Langit malam Senin (14/11) akan disuguhi sinar terang tambahan, sebagaimana fenomena ‘Supermoon’ atau posisi bulan yang tengah dekat dengan bumi akan terjadi malam ini. dikatakan fenomena langka yang terjadi senin malam tersebut, akan menjadi penampakan bulan terbesar yang pernah ada selama 69 tahun terakhir.

Menurut National Astronomical Observatory of Japan, bulan purnama akan terlihat paling dekat dengan Bumi tahun ini. Diameter bulan akan menjadi 1,14 kali lebih besar dari satu penempakan yang terkecil tahun ini, dan tiga kali lebih besar di area (Jepang). selain itu juga dikatakan bahwa Tidak ada yang akan menandingi ukuran bulan malam ini sampai bulan membuat pendekatan yang sama pada 25 November 2034.

Pada 11:23 waktu Inggris, jarak antara bumi dan bulan akan menutup ke titik terpendek, yang dikenal sebagai "perigee" - jarak 221.525 mil (356.510 km). Beruntung puncak perigee dan puncak purnama pada supermoon 14 November 2016 akan berlangsung saat malam di Indonesia. Sehingga kita yang berada di Indonesia dapat mengamati puncak supermoon karena Bulan sudah berada di atas horison.

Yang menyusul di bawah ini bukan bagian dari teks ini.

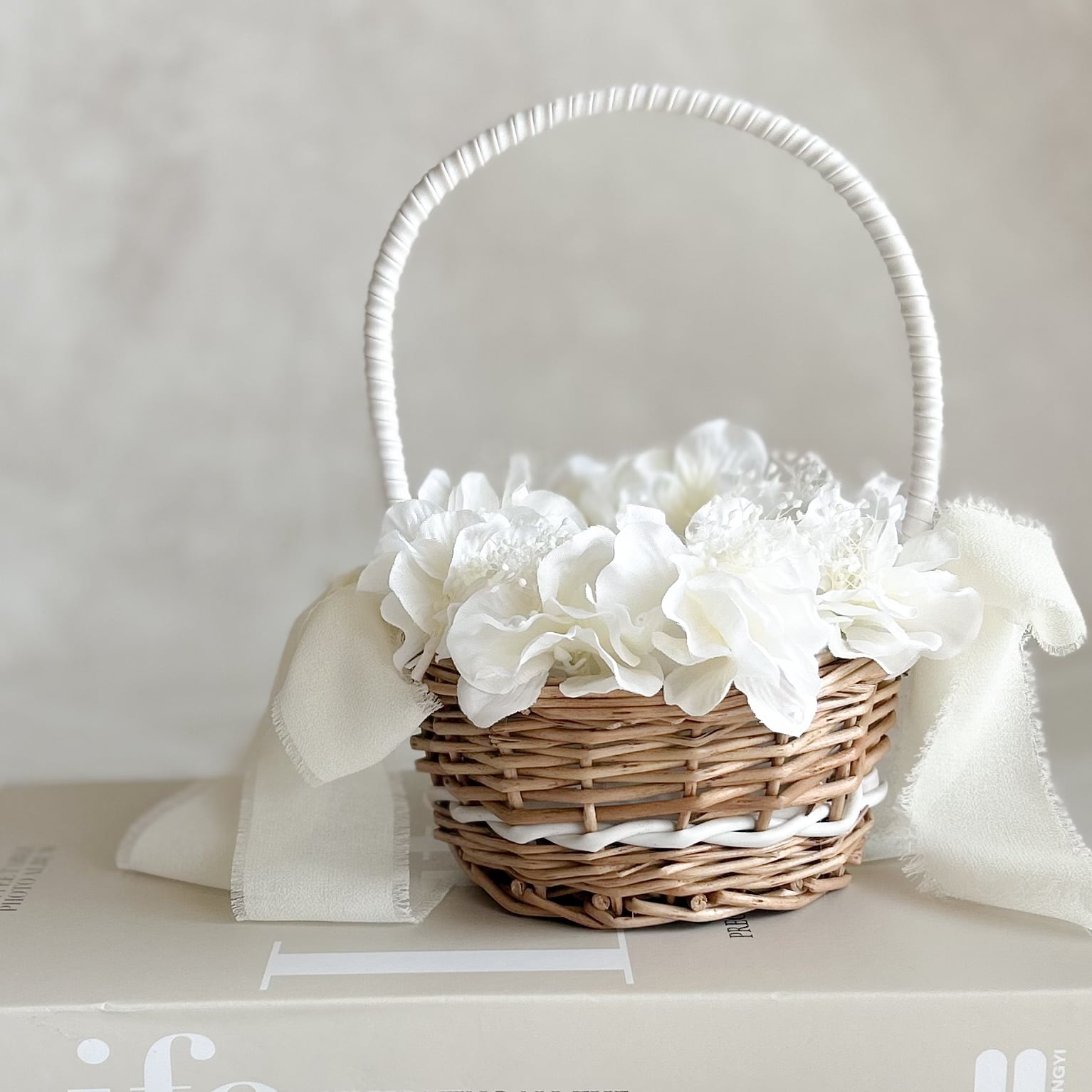 Circle white ring pillow basket（造花メイン）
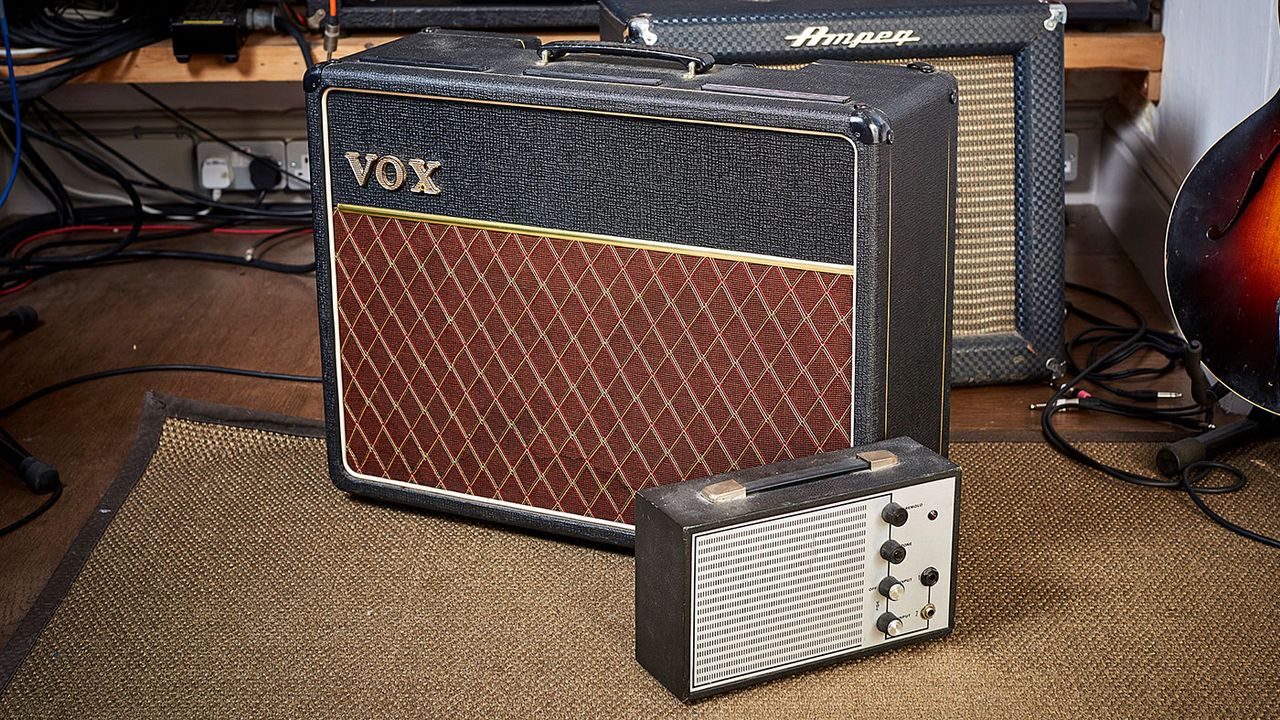 A 70s D&uuml;breq Stylophone transistor amp in front of an early 60s Vox AC10, 60s Ampeg Reverberocket
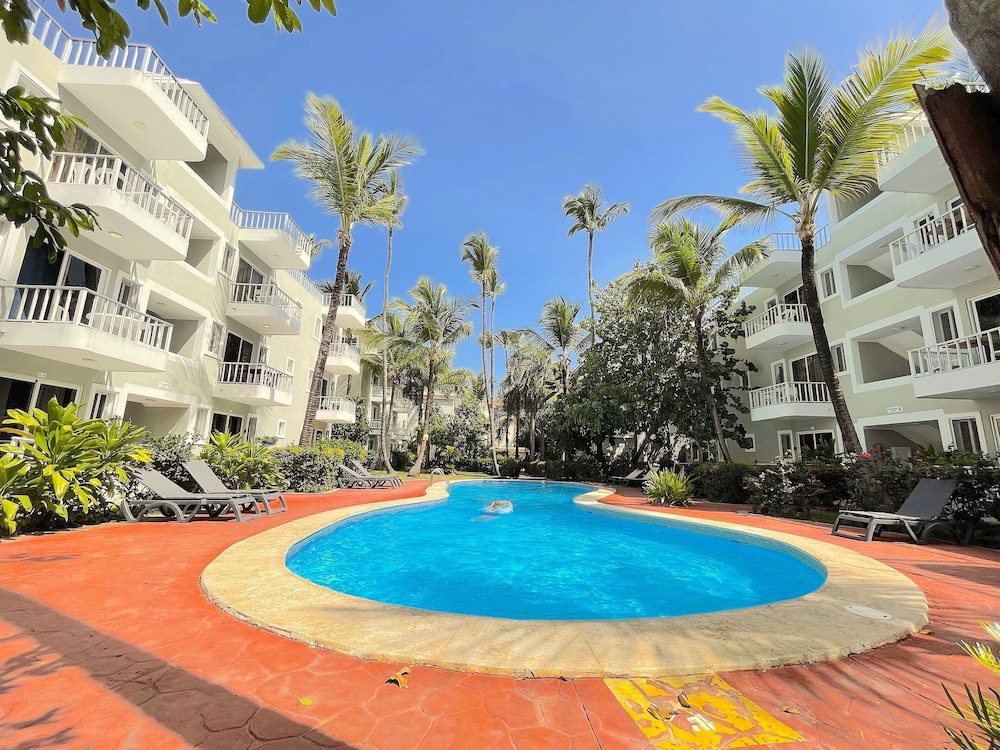 relax studios deluxe pool wifi beach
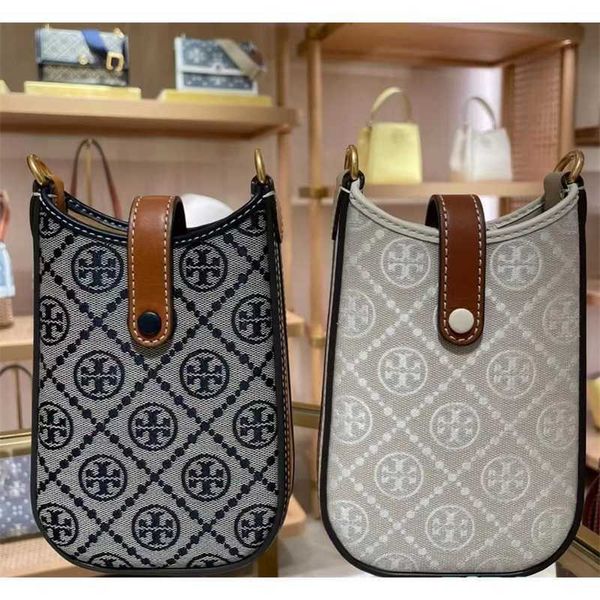 2023 summer tb new denim embossed old flower mobile phone bag street trend shoulder crossbody fashion women's, Pink;blue
2023 summer tb new denim embossed old flower mobile phone bag street trend shoulder crossbody fashion women's, Pink;blue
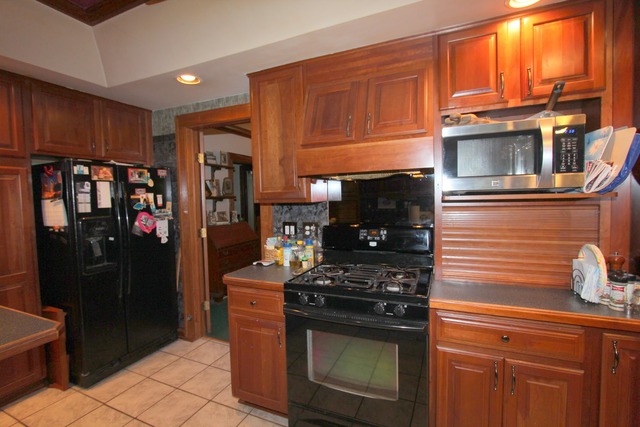 1627 N Riverside Dr, Mchenry, IL 60050 photo 19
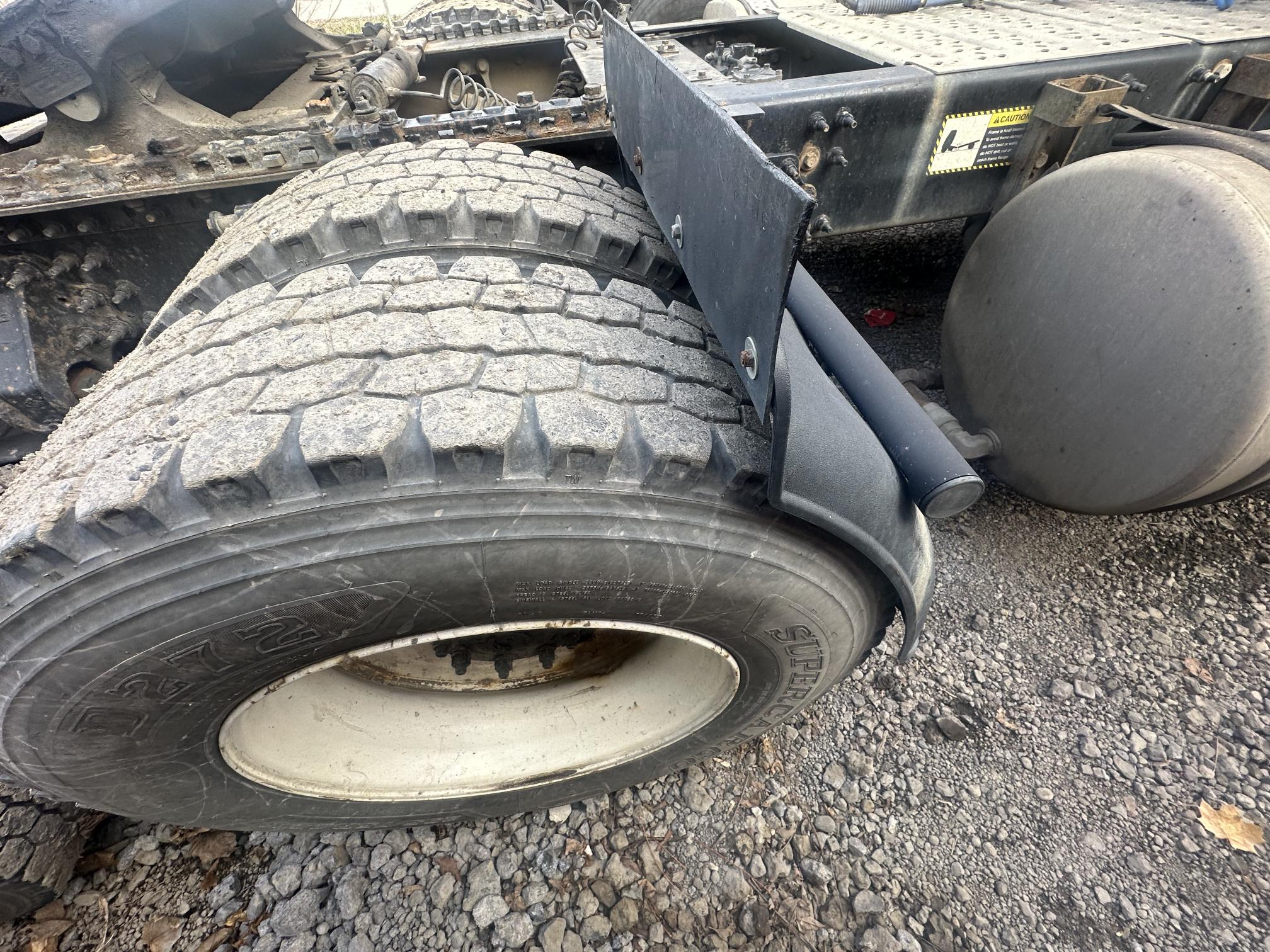 2013 MACK CXU613 - view 19 of 38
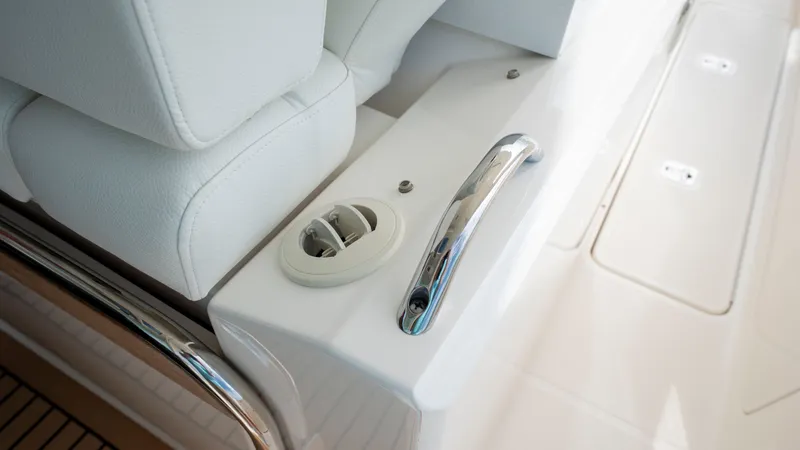 Slide: The Image of Tiara 38 LS 2024 - 61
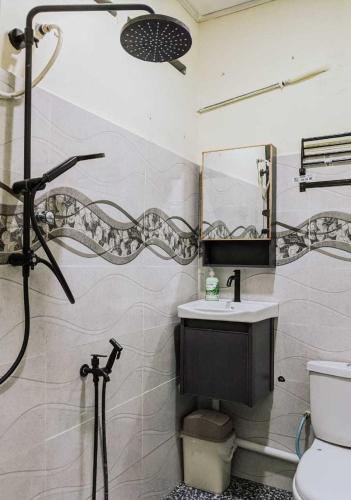 Bathroom, OYO Homes 90505 Cozy Homestay in Kemaman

Lain halnya bagi negara-negara lain yang mengalami puncak perigee dan puncak purnama saat siang. Sehingga tidak bisa mengamati puncak supermoon karena Bulan masih di bawah horison.


Fenomena ‘Supermoon’ disebabkan oleh pemendekan jarak bulan ke bumi, karena obituari elips, dan bulan purnama. Jarak antara bulan dan bumi adalah 384.400 km pada rata-rata tetapi menyempit ke 356.500 km pada hari Senin.